Doylestown, Pennsylvania, native Anthony Green was the original singer in Southern California outfit Saosin, recording one EP, 2003’s Translating The Name. Green was unhappy with the various musical and business directions the band wished to go into, so he returned to the East Coast the following year. He began writing music with his friend Colin Frangicetto (guitar), who was drumming in This Day Forward before the band’s demise in 2003. The material Frangicetto and Green created impressed Equal Vision enough to sign them to their label roster. The duo enlisted guitarist Brendan Ekstrom (also of This Day Forward), former Taken bassist Nick Beard and drummer Steve Clifford, releasing a four-track EP, The Inuit Sessions, in 2005. Circa Survive’s debut full-length, Juturna, was issued later that year, displaying an aggressive sound filled with post-hardcore signifiers alongside Green’s idiosyncratic vocal stylings. The following album, 2007’s On Letting Go, found the band tempering their aggression with more textural sounds.

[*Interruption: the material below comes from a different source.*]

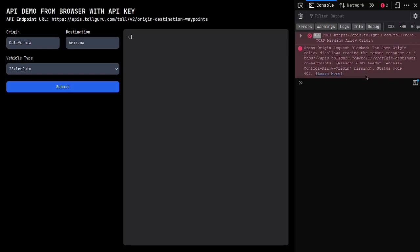This is an intentional safety measure implemented in the TollGuru API to block any requests that are made using a browser. Why is that?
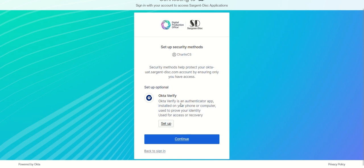You will then be asked if you wish to set up Okta Verify. It is strongly recommended that this is set up and configured with biometrics so that you do not need to provide a password every time you log in. To set this up, select the option set up under Okta Verify.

Circa Survive’s third album, Blue Sky Noise, was released in April 2010. The disc—the band’s major-label debut for Atlantic Records—was produced by David Bottrill, known for his work with forward-thinking acts as King Crimson and Muse. It was a quantum leap for the band, featuring songs that were succinct and powerful (“Get Out”), alongside longer, textured tracks that enveloped Green’s vocals in psychedelic, yet heavy atmospheres. The album did much to separate Circa from their hardcore roots, moving toward a sound similar to the art-metal offerings of respected bands like Tool and Jane’s Addiction (whose lead singer Perry Farrell was massively influential to Green). Unlike many bands from the punk-rock underground, Circa Survive aren’t in the habit of trying to be something they’re not; they’re more concerned with finding the sounds and emotions that best describe the headspace they are in at the time. “What people don’t realize is that from the time we’re kids, we’re told we have to work to become something else,” Green told AP in 2010. “Music is the only thing I’m good at—but that’s who I am. At some point, you have to stop and realize that you already are what you want to be—all of us are.”